I like the confrontation between Morgan and Harry about how the council lets so much slip through the cracks with their war on dark magic, how many victims fall through. But I’d like to see more from the High Council’s side – if they are at war with Dark Magic every second of every day, as Morgan points out, I’d like to see these epic battles that take up the Council’s time. It would make the Council more sympathetic, introduce, perhaps, a little epic into the plot line and explain why the Council can’t investigate these issues.
Inclusionwise it was pretty good on a racial standpoint - while Dante is stealing, his motives are as pure as can be - compared to his rich, white privileged companions.Raychelle was still very expendable though - and then became the motivation for the whole episode. Too many women's deaths are just thrown in to give menfolk the motivation to act.
I’m actually pretty impressed with how the Dresden Files manages to include a moderate amount of magic with a relatively small special effect’s budget (and smaller props budget. Did I mention the hockey stick wizard staff?). It’s subtle and well done – though, again, it’s really important to step back from the books and treat the show as an entity in its own right.
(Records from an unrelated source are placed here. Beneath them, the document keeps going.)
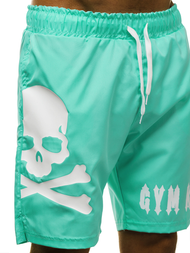 Spodenki męskie miętowe OZONEE O/1011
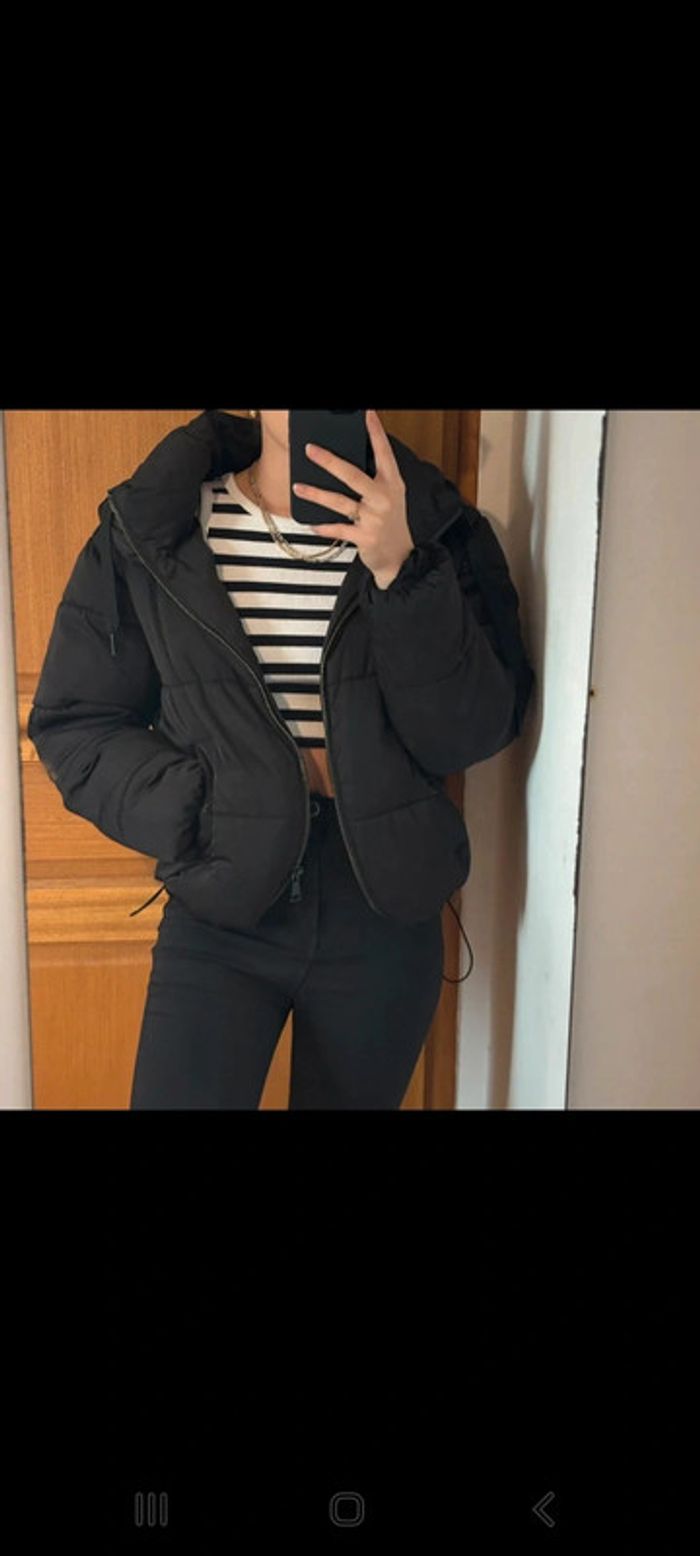 Blousson capuche noir - photo numéro 3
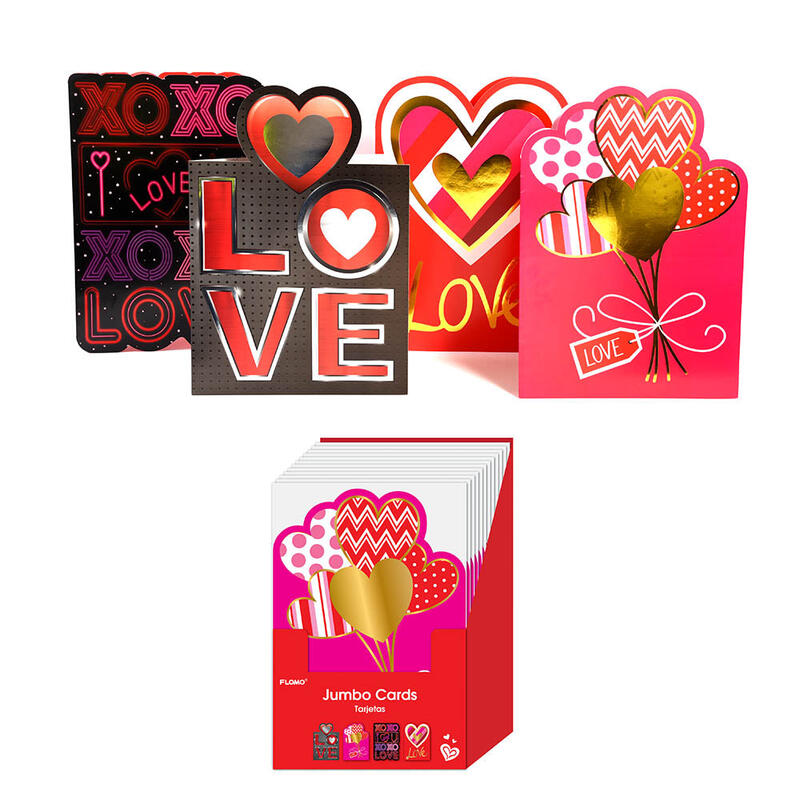 Valentine Jumbo Cards 16.5w x 23.75h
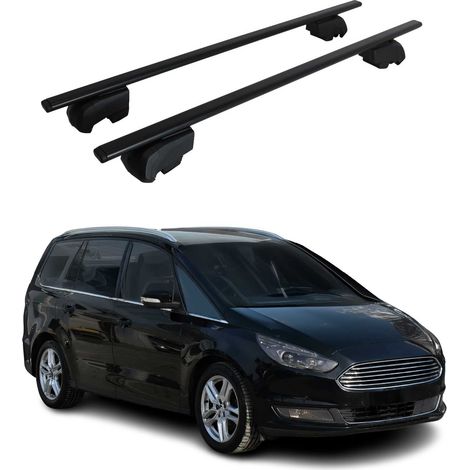 OMAC Dachtrager Quertrager für Ford Galaxy III 2015-2023 – City Crash getestet – ISO PAS 11154:2006 – Abschliessbar – Max 75 kg – 2 Stangen Stahl Schwarz (1/5)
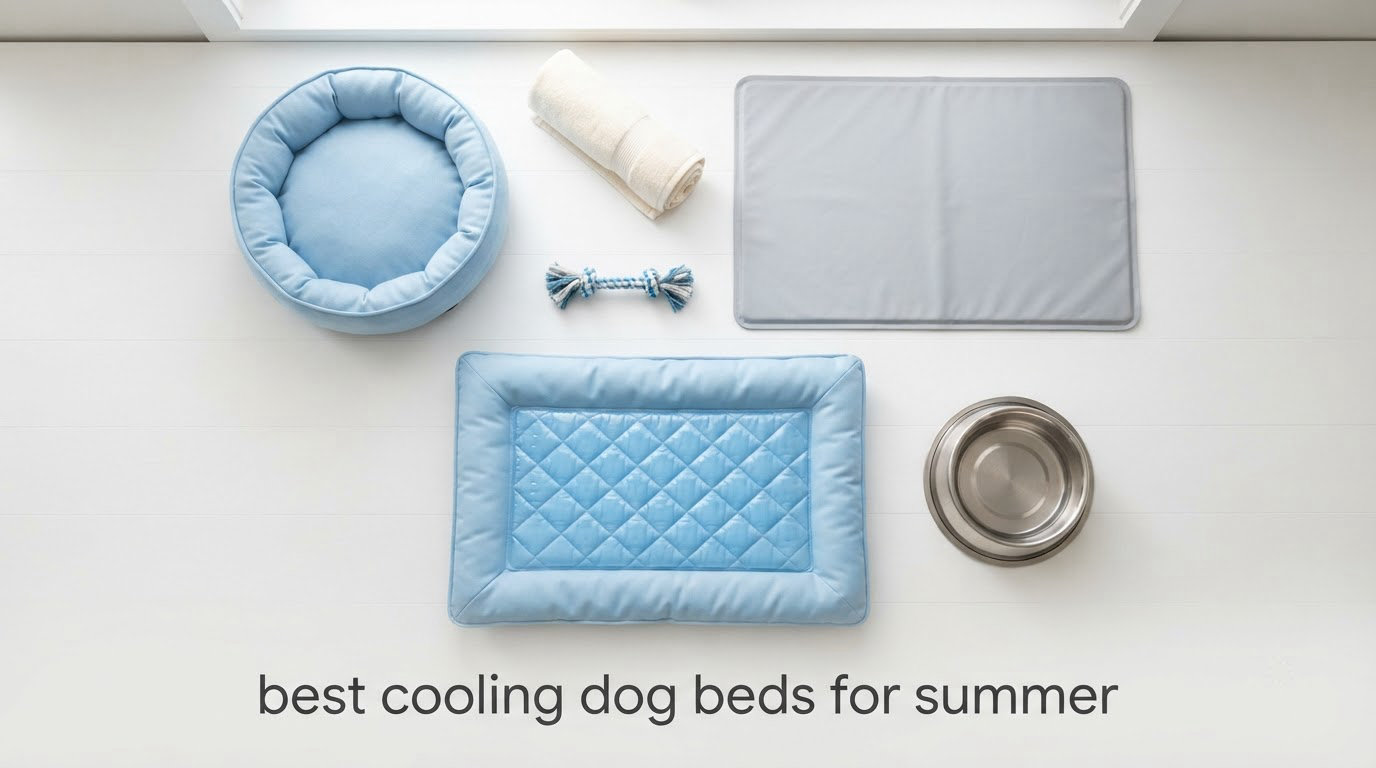 best cooling dog beds for summer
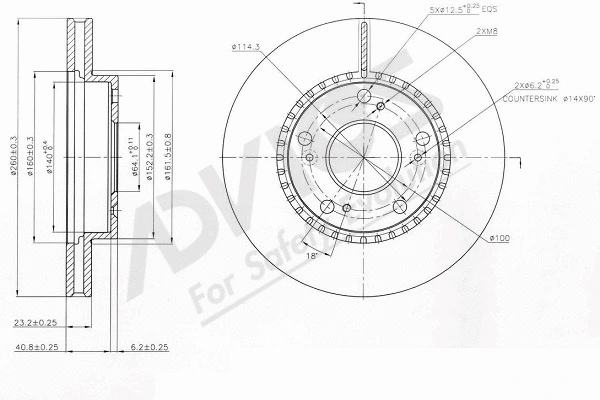 Brake Disc (C6F109)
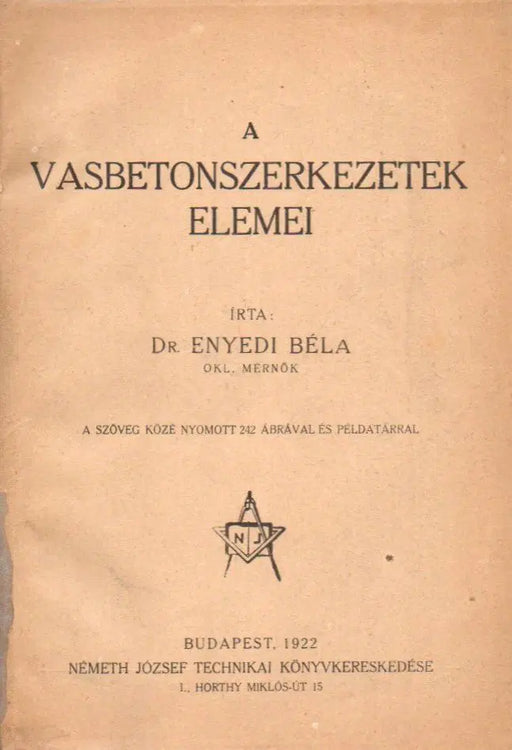 A vasbetonszerkezetek elemei - Oskola Antikvárium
This episode had a lot of very powerful scenes that examined a lot of issues. We had class, neglected children, lots of talk about Bob and his situation and exactly how innocent is someone when their bad choices lead them to hurt others – even if that specific hurt is unintended? The discussion with Morgan, why harry cares, why he should care and why the High Council can’t care. It was a really rich episode and really upped the quality of the series, showing it’s happy to bring some depth to the series and take it beyond the monster of the week.